### [Problem to work on]
From the listing below, give again exactly the lines from the line with "Bedroom of Flat" to the line with "Richardson 168P –", ends included, without any pictures.

### [Supplied entries]

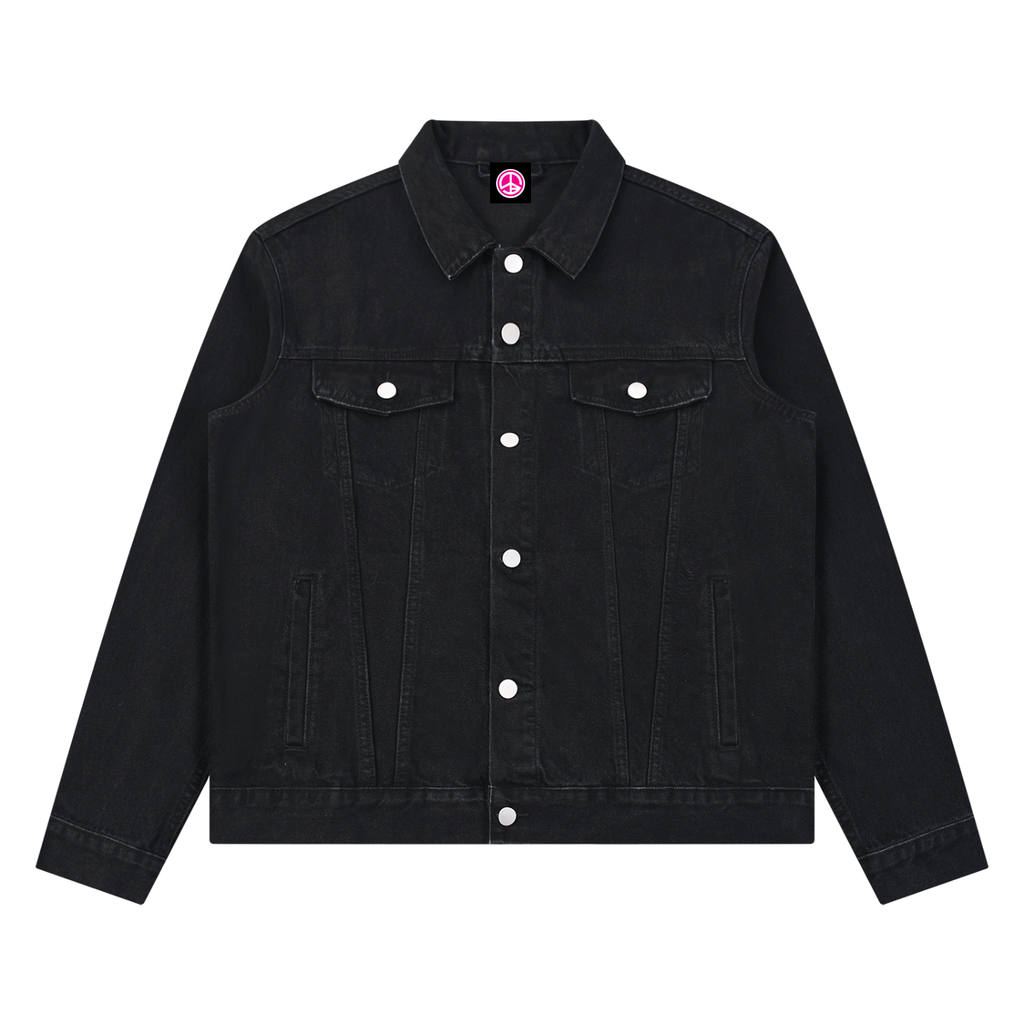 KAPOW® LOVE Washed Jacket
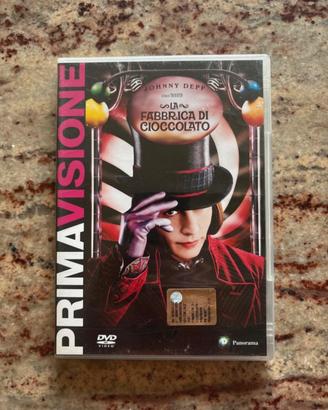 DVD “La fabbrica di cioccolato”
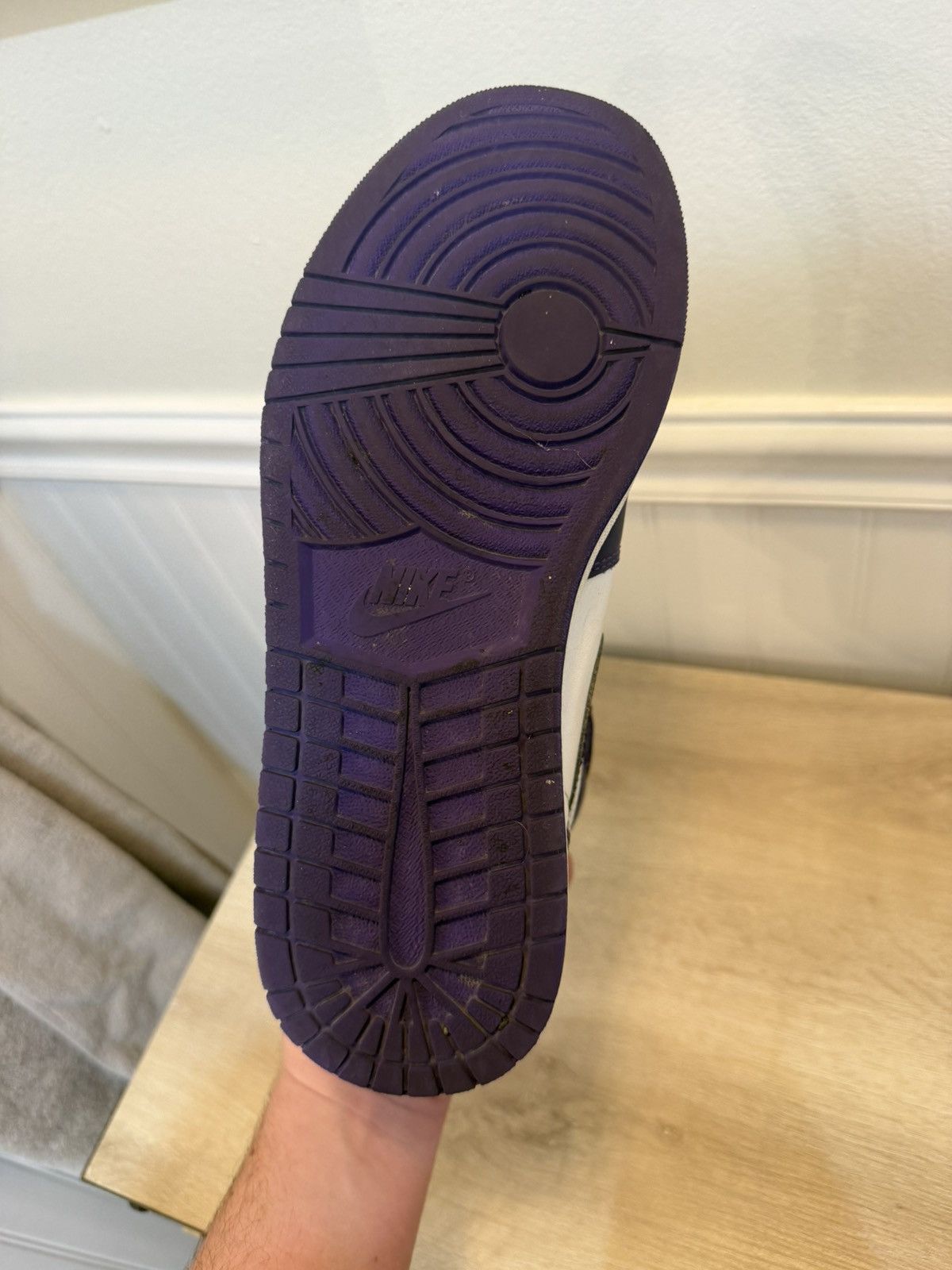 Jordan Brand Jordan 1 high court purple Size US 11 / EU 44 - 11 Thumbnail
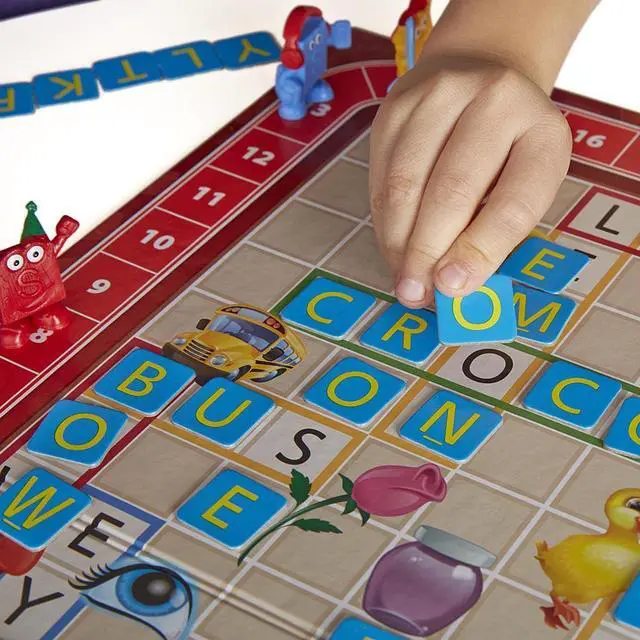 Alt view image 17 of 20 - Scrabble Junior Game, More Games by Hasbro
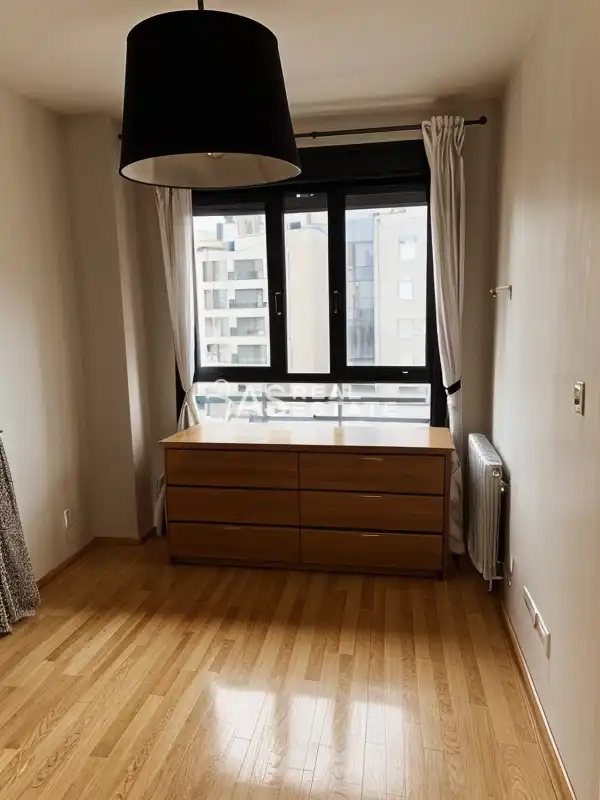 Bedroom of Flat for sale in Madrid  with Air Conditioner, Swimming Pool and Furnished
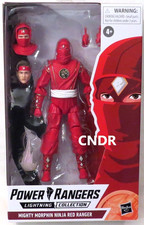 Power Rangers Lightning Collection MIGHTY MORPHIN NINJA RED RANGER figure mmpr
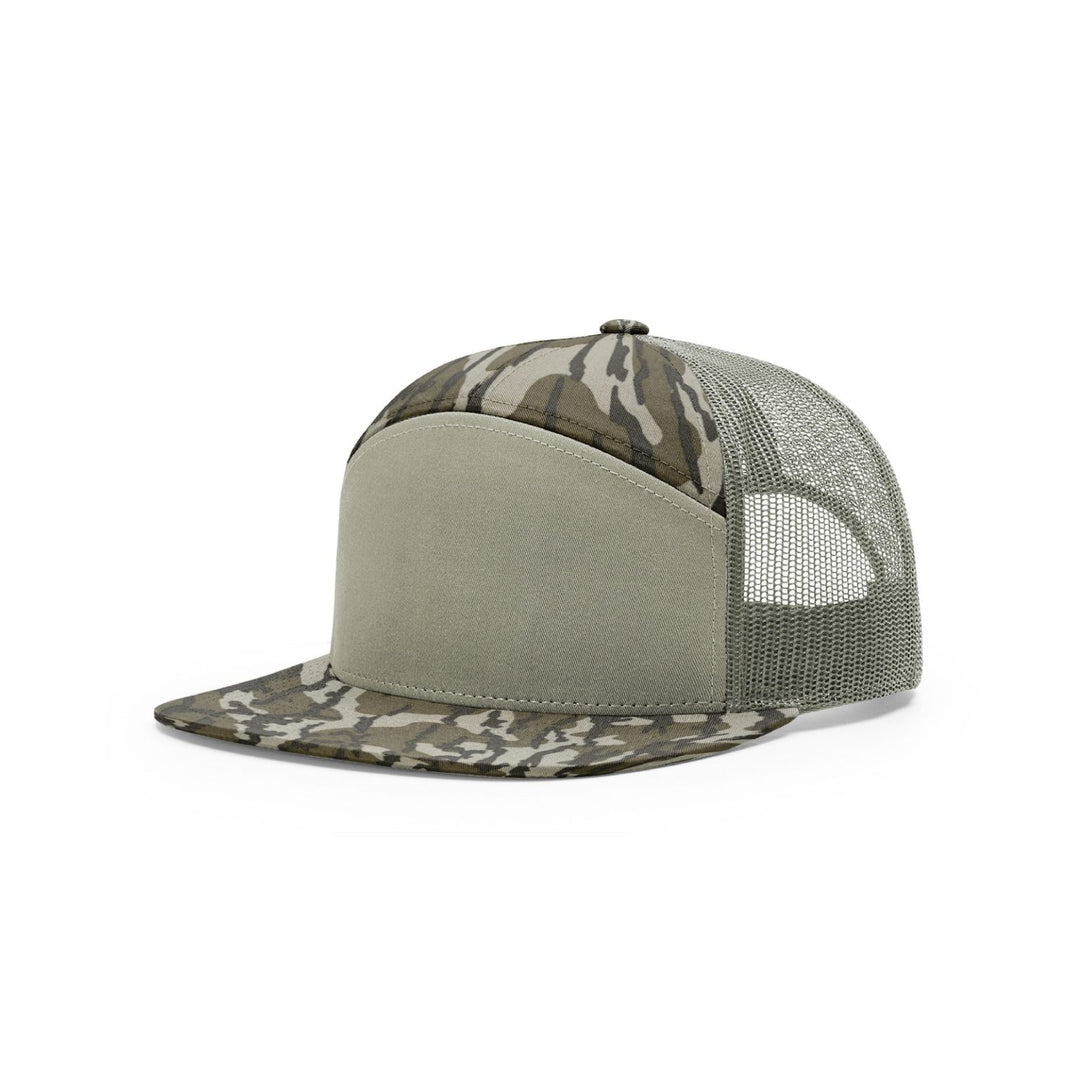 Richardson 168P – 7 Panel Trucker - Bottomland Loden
==
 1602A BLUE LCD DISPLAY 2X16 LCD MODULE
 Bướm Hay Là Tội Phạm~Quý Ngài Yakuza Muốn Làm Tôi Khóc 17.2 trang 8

### [Answer section]
 Bedroom of Flat for sale in Madrid  with Air Conditioner, Swimming Pool and Furnished
 Power Rangers Lightning Collection MIGHTY MORPHIN NINJA RED RANGER figure mmpr
 Richardson 168P – 7 Panel Trucker - Bottomland Loden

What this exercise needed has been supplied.